--- START ---
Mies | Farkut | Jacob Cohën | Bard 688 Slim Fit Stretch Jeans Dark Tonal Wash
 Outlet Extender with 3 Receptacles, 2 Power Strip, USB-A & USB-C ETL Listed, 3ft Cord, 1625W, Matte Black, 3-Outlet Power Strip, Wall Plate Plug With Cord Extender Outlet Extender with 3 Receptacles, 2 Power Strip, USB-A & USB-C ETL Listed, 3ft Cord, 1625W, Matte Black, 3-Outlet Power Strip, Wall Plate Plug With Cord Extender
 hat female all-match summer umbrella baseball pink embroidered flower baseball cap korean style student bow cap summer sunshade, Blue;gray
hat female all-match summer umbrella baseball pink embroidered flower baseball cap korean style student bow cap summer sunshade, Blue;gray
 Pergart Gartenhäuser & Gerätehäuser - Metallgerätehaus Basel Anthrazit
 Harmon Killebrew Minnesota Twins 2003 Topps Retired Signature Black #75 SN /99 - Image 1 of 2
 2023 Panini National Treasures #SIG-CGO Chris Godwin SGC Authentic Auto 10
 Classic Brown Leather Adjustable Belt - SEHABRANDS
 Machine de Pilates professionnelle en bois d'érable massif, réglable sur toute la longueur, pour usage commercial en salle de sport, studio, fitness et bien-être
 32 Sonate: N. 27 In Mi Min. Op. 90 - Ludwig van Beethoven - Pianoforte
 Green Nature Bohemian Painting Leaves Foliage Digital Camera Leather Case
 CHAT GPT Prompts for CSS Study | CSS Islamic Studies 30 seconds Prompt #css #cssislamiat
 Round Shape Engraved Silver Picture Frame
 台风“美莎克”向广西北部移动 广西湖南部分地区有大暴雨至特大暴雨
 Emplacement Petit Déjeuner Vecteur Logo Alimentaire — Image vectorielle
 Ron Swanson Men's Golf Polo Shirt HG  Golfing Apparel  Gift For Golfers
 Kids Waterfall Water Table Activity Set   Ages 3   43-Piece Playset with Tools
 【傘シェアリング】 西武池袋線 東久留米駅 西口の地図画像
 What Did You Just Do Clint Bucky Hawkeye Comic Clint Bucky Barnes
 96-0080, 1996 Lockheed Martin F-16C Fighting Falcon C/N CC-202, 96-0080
--- END ---
> **TASK DESCRIPTION**
Set every entry down verbatim.

> **SOLUTION TO THE EXERCISE**
Mies | Farkut | Jacob Cohën | Bard 688 Slim Fit Stretch Jeans Dark Tonal Wash
 Outlet Extender with 3 Receptacles, 2 Power Strip, USB-A & USB-C ETL Listed, 3ft Cord, 1625W, Matte Black, 3-Outlet Power Strip, Wall Plate Plug With Cord Extender Outlet Extender with 3 Receptacles, 2 Power Strip, USB-A & USB-C ETL Listed, 3ft Cord, 1625W, Matte Black, 3-Outlet Power Strip, Wall Plate Plug With Cord Extender
 hat female all-match summer umbrella baseball pink embroidered flower baseball cap korean style student bow cap summer sunshade, Blue;gray
hat female all-match summer umbrella baseball pink embroidered flower baseball cap korean style student bow cap summer sunshade, Blue;gray
 Pergart Gartenhäuser & Gerätehäuser - Metallgerätehaus Basel Anthrazit
 Harmon Killebrew Minnesota Twins 2003 Topps Retired Signature Black #75 SN /99 - Image 1 of 2
 2023 Panini National Treasures #SIG-CGO Chris Godwin SGC Authentic Auto 10
 Classic Brown Leather Adjustable Belt - SEHABRANDS
 Machine de Pilates professionnelle en bois d'érable massif, réglable sur toute la longueur, pour usage commercial en salle de sport, studio, fitness et bien-être
 32 Sonate: N. 27 In Mi Min. Op. 90 - Ludwig van Beethoven - Pianoforte
 Green Nature Bohemian Painting Leaves Foliage Digital Camera Leather Case
 CHAT GPT Prompts for CSS Study | CSS Islamic Studies 30 seconds Prompt #css #cssislamiat
 Round Shape Engraved Silver Picture Frame
 台风“美莎克”向广西北部移动 广西湖南部分地区有大暴雨至特大暴雨
 Emplacement Petit Déjeuner Vecteur Logo Alimentaire — Image vectorielle
 Ron Swanson Men's Golf Polo Shirt HG  Golfing Apparel  Gift For Golfers
 Kids Waterfall Water Table Activity Set   Ages 3   43-Piece Playset with Tools
 【傘シェアリング】 西武池袋線 東久留米駅 西口の地図画像
 What Did You Just Do Clint Bucky Hawkeye Comic Clint Bucky Barnes
 96-0080, 1996 Lockheed Martin F-16C Fighting Falcon C/N CC-202, 96-0080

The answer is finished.